The businessman has spoken in front of crowds of 20,000 people. He’s met with heads of state in Brunei, Singapore and Thailand.

“I have not been in any environment where I have ever felt nervous,” he said.

But returning here to the YMCA was a different story. He credits the facility with teaching him character, values and Christianity.

“My stomach has been knotted up since Monday about coming home,” he said to the HUDDLE crowd. “I am so humbled to be in your presence.”

He said as he walked the steps up to the YMCA’s doors, he was trembling. He was immediately reminded of the kind woman at the front desk, who welcomed him, a 6-year-old black boy when all but a few Y members were white, into the facility and showed him around. The boy whose only dream was to wear a white shirt and tie and make enough money to take care of his mother.

“I got really emotional walking into the building because this is where it all started,” he said. “How does a poor boy from Kokomo do the kinds of stuff that I’ve done?”

Kokomo YMCA Executive Director Dave Dubois said Knowling exemplifies the values of the YMCA.

“The extraordinary success he’s had and the credit that he gives this Y is very cool to me,” Dubois said. “Bob also represents the work the Y does so incredibly well.

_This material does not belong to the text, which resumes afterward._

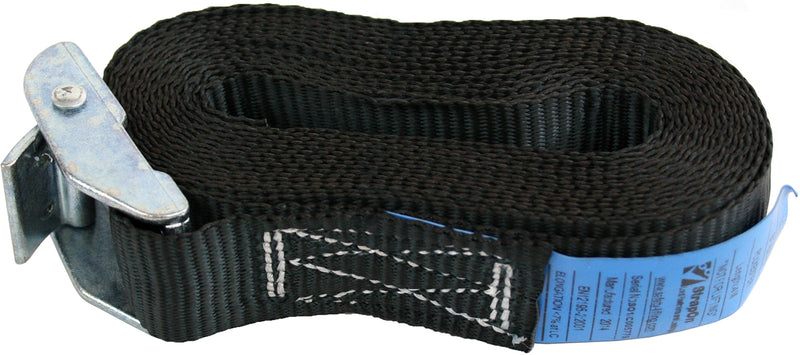 Reusable Polyester HD Pallet Straps with fast release metal cam buckle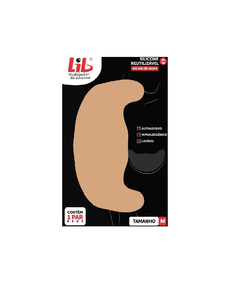 imagem de Modelador de seios lib silicone tam m 1un - LIB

Bob had a platform in the book to say what this Y has meant to him. And to me, that’s extraordinary.”

Since his early involvement with the YMCA, Knowling has been very involved in leadership for the YMCA worldwide, and has said he will help the Kokomo YMCA fund the construction of its new facility.

“Usually you think of a business big-wig and you think of a guy that’s hard-driving and pushy, and he is so humble and gentle and crediting God for all of his success,” said Dick Sanburn, HUDDLE board member. “You just don’t see that very much.”

Knowling said Monday that he hopes his visit reminds people to appreciate where they come from, but to strive for greatness.

“This is the only place on the planet where the position you’re born in the world doesn’t define you,” he said. “You can do anything you want to do.”

Megan Graham is the Kokomo Tribune business reporter. She can be reached by phone at 765-454-8570, email at megan.graham@kokomotribune.com, or Twitter at @megancgraham.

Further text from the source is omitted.